郭明優氏の死去は、台湾でも報じられ、話題となっています。

創造「台灣沒有的台灣拉麺」! 日本台裔料理人郭明優逝世

「自由時報」に掲載された産経新聞の矢板明夫氏の話によると、郭明優氏が台湾ラーメンを開発したのは、1つには台湾を懐かしむため、もう1つはブランド力を高めるためだったそうですが、50年以上前の時代には台湾と日本の交流があまりなく、「天津飯」や「広東麺」など、日本では外国の地名を冠した料理の例が他にもたくさんあることから、日本の消費者の多くは台湾ラーメンを台湾人がよく食べる料理だと思ってしまったと分析しています。

矢板明夫氏によれば、当初、台湾ラーメンは名古屋でしか食べられなかったものの、1980年代後半に突然、「辛いものを食べると痩せる」と唐辛子を食べることが日本中で流行したため、辛くておいしい台湾ラーメンが全国に広まり、インスタントラーメンにもなったとのことです。

また、面白いことに、台湾ラーメンが台湾に輸入された際には、名前は「名古屋ラーメン」に変更されたとのこと。

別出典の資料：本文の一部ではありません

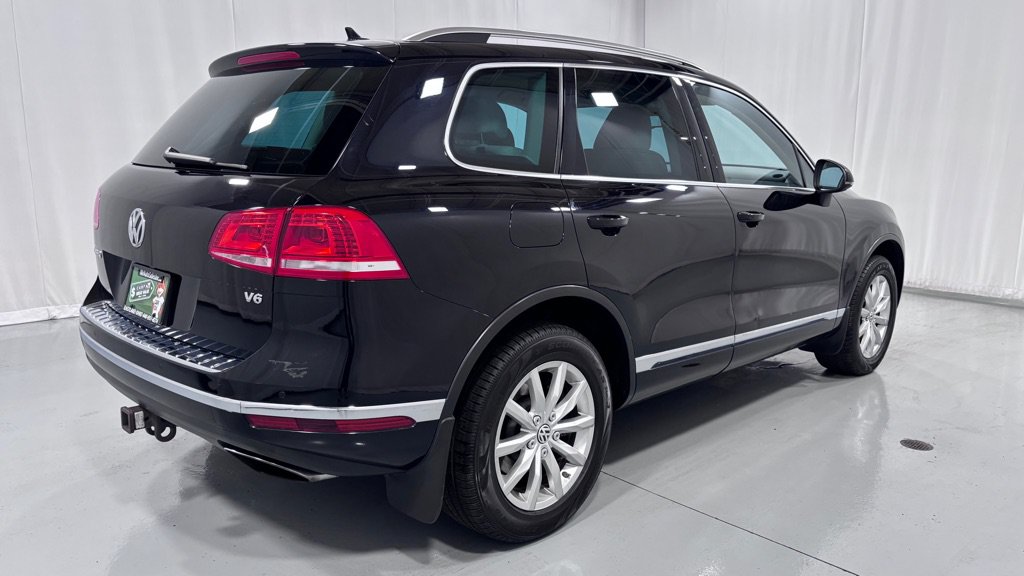 Used 2016 Volkswagen Touareg VR6 AWD/4WD image 5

野嶋氏によれば、「全国的に有名になった『背脂』で知られる尾道ラーメンも、朱阿俊という台湾人が広島県尾道市の『朱家園』で戦後まもなく売り出した『中華そば』が始まりだった」そうです。

日本が誇るラーメン文化には、台湾人も大きく関わっているのです。

野嶋氏のインタビューで、郭明優氏は台湾で暮らしたことはないものの、自身のアイデンティティを「台湾人」と明確に定義しています。そして、「台湾は清朝の時代から中国に世話になったことはない。日本の50年間があったから台湾はここまで発展できたし、日本人と台湾人はいちばん性格が合うと私は思っています」と述べています。

台湾人としての誇りと、日本への愛が、台湾ラーメンを生み出したともいえるでしょう。担仔麺をベースに生まれた台湾ラーメンが日本人に受け入れられ、大人気となったのも、必然だったのです。

矢板明夫は郭明玉に敬意を表し、「郭さんは日本と台湾の両方の特徴を組み合わせて新しい料理を発明し、台湾と日本の文化交流を促進しました。郭さん、万歳!」と自身のSNSに書いています。

私も日本と台湾のために尽くした偉大な同胞に、敬意と哀悼の意を捧げたいと思います。